Re: [HACKERS] Docs, backups, and MS VSS

2016-07-02 Thread Craig Ringer
On 2 July 2016 at 22:42, Bruce Momjian  wrote:

>
> > I suspect, but cannot prove, that it is also safe to snapshot pg_xlog on
> a
> > separate filesystem if and only if you take the datadir snapshot before
> the
> > pg_xlog snapshot and you have wal_keep_segments high enough to ensure
> that WAL
> > needeed by the redo checkpoint in the datadir snapshot is not removed.
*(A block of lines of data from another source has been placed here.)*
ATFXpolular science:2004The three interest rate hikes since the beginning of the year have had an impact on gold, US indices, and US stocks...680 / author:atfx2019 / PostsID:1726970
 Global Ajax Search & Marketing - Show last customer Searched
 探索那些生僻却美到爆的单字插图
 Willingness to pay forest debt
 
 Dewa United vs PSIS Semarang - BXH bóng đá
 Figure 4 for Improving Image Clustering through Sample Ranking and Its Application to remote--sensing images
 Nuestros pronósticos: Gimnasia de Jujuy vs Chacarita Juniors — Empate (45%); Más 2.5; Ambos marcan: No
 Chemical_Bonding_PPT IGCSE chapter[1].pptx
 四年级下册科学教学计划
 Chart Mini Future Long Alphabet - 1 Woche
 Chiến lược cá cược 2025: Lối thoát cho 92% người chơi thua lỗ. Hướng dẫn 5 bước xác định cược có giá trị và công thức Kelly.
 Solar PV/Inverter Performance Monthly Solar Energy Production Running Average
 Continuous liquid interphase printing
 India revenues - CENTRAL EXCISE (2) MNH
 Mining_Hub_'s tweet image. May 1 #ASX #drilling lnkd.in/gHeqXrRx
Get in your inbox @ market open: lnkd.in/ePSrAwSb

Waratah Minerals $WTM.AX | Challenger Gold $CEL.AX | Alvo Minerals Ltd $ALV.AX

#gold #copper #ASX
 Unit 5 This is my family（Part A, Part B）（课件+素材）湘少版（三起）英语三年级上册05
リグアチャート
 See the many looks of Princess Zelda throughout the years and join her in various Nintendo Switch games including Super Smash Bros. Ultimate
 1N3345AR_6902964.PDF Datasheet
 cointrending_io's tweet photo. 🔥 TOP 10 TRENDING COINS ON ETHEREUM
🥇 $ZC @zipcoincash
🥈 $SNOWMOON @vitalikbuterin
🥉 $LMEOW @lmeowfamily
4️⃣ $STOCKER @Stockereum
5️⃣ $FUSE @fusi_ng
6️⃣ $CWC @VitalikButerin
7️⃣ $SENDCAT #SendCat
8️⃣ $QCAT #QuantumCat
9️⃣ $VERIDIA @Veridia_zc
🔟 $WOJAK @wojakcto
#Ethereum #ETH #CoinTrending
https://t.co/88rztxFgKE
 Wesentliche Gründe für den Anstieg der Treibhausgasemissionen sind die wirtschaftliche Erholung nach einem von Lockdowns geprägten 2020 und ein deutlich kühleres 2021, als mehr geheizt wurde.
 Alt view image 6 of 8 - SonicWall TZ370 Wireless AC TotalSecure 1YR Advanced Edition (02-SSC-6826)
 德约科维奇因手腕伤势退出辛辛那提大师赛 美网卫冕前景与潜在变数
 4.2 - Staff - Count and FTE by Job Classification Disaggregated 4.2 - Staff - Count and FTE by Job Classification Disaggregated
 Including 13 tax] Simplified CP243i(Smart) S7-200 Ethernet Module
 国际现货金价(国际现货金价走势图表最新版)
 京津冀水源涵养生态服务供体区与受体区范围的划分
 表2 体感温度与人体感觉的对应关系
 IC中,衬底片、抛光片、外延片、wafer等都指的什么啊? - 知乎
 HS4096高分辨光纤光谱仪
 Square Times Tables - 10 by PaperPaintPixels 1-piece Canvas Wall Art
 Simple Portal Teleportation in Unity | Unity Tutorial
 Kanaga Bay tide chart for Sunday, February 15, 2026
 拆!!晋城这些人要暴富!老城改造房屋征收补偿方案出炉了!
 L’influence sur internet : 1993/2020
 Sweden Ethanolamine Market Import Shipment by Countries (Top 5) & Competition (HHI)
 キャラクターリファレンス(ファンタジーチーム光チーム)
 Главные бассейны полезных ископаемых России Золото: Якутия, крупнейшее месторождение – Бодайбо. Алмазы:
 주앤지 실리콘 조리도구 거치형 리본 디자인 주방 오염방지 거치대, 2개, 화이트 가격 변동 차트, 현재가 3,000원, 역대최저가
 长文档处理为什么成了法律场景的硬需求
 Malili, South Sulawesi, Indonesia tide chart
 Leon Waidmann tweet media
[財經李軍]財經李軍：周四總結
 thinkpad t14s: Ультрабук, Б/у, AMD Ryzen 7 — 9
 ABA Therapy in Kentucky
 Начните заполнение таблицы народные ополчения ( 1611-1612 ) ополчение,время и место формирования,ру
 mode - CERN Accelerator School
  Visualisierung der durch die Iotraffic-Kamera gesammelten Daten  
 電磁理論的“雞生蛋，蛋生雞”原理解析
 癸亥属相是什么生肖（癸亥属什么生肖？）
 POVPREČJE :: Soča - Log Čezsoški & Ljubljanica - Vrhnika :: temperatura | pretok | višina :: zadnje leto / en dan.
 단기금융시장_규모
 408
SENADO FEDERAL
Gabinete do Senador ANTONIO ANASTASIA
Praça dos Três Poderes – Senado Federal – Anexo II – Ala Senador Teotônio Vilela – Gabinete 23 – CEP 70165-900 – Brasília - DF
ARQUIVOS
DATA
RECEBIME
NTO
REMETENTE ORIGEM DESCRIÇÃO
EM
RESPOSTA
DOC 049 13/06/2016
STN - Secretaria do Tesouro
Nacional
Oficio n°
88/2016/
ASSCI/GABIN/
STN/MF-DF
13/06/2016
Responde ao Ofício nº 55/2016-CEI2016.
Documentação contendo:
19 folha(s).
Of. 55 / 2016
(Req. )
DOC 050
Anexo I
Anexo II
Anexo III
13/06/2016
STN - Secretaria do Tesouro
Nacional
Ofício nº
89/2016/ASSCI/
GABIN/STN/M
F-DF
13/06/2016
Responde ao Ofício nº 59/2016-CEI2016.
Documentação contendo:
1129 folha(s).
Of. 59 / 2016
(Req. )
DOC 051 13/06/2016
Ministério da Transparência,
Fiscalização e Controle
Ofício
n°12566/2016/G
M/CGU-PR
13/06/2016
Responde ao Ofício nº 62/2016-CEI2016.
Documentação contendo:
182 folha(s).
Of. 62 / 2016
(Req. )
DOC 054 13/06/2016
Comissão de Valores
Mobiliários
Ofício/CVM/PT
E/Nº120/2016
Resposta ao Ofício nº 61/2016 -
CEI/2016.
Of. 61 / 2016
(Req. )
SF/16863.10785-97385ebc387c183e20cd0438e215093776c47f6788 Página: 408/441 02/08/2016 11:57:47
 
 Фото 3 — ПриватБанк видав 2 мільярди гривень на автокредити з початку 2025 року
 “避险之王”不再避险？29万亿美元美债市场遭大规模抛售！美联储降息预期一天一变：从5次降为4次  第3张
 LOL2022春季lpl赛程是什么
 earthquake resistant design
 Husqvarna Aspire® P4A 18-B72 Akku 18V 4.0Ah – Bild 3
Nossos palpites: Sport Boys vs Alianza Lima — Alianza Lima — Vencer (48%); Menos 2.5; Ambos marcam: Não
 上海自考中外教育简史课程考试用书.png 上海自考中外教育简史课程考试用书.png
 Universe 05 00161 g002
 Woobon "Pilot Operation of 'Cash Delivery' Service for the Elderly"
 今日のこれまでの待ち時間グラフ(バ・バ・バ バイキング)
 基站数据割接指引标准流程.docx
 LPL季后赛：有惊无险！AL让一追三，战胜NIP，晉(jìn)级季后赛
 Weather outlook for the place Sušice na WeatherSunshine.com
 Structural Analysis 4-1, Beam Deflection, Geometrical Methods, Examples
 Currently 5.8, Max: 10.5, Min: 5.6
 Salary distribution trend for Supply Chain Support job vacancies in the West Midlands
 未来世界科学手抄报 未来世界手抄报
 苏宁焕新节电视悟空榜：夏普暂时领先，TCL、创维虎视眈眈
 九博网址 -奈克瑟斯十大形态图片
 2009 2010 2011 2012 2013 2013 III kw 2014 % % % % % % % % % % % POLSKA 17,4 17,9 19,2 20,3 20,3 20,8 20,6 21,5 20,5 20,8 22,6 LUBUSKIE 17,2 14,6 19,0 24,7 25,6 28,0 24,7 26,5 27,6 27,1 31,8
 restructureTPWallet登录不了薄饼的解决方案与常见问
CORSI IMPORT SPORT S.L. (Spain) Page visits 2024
I
> > wouldn't want to do this, and certainly not document it, since it's way
> saner
> > to use pg_start_backup() etc.
>
> Yes, I have wanted to document that WAL-at-the-end is sufficient for
> non-atomic snapshots assuming the needed WAL is there.  However, even if
> the WAL is backed up, it doesn't mean we are going to read it during
> crash recovery, i.e. we only read from the last checkpoint or something
> like that.  I have no idea how to tell people when this is safe.
>
> My simplistic idea would be to tell people to run a checkpoint right
> before all the snapshots are taken, but even that doesn't seem 100%
> safe.  This needs someone who understands the WAL and how to tell people
> a totally safe procedure.
>

The main thing is to provide an easy way to get the filenames of all the
archives that are required. pg_start_backup() and pg_stop_backup() provide
the range of LSNs required to restore, but you have to - correctly -
convert them into xlog file names and copy everything in that range not
just the start and end. There's no simple way to ask PostgreSQL for the
file-list via a query, since we lack arithmetic operators for pg_lsn or any
sort of pg_xlogfile_name_next function or similar. You can easily get the
start and end filenames using pg_xlogfile_name() and rely on lexical
comparision of filenames but that's way less convenient than just getting a
file-list you can feed into rsync / tar / whatever.

It's too complicated. Yes, most users should just use pg_basebackup, but
that doesn't play well with snapshots etc. A pg_xlogfile_name_range
function would be a real help I think, so you could psql -qAt a simple
query to get all the xlogs you must copy from the saved LSNs reported by
pg_start_backup() and pg_stop_backup(). Especially if the docs incorporated
a sample script, including a test that marks the backup aborted/failed if
there are any missing files.




-- 
 Craig Ringer   http://www.2ndQuadrant.com/
 PostgreSQL Development, 24x7 Support, Training & Services


Re: [HACKERS] Docs, backups, and MS VSS

2016-07-02 Thread Bruce Momjian
On Sat, Jul  2, 2016 at 10:31:32PM +0800, Craig Ringer wrote:
> - Microsoft VSS is NOT safe, as it fails point 2. It is atomic only on a
> per-file level. You MUST use pg_start_backup() and pg_stop_backup() with WAL
> archiving or automated copy of the extra WAL if you use MS VSS. Most Windows
> backup products use MS VSS internally. You must ensure they have dedicated
> PostgreSQL backup support, using pg_basebackup, pg_dump/pg_restore, or
> pg_start_backup()/pg_stop_backup().

Yes, it would be good to point out that per-file snapshots are insufficient.

> - LVM is safe
> 
> - BTRFS should be fine
> 
> - Most SAN snapshots are fine, but verify with your vendor
> 
> 
> I suspect, but cannot prove, that it is also safe to snapshot pg_xlog on a
> separate filesystem if and only if you take the datadir snapshot before the
> pg_xlog snapshot and you have wal_keep_segments high enough to ensure that WAL
> needeed by the redo checkpoint in the datadir snapshot is not removed. I
> wouldn't want to do this, and certainly not document it, since it's way saner
> to use pg_start_backup() etc.

Yes, I have wanted to document that WAL-at-the-end is sufficient for
non-atomic snapshots assuming the needed WAL is there.  However, even if
the WAL is backed up, it doesn't mean we are going to read it during
crash recovery, i.e. we only read from the last checkpoint or something
like that.  I have no idea how to tell people when this is safe.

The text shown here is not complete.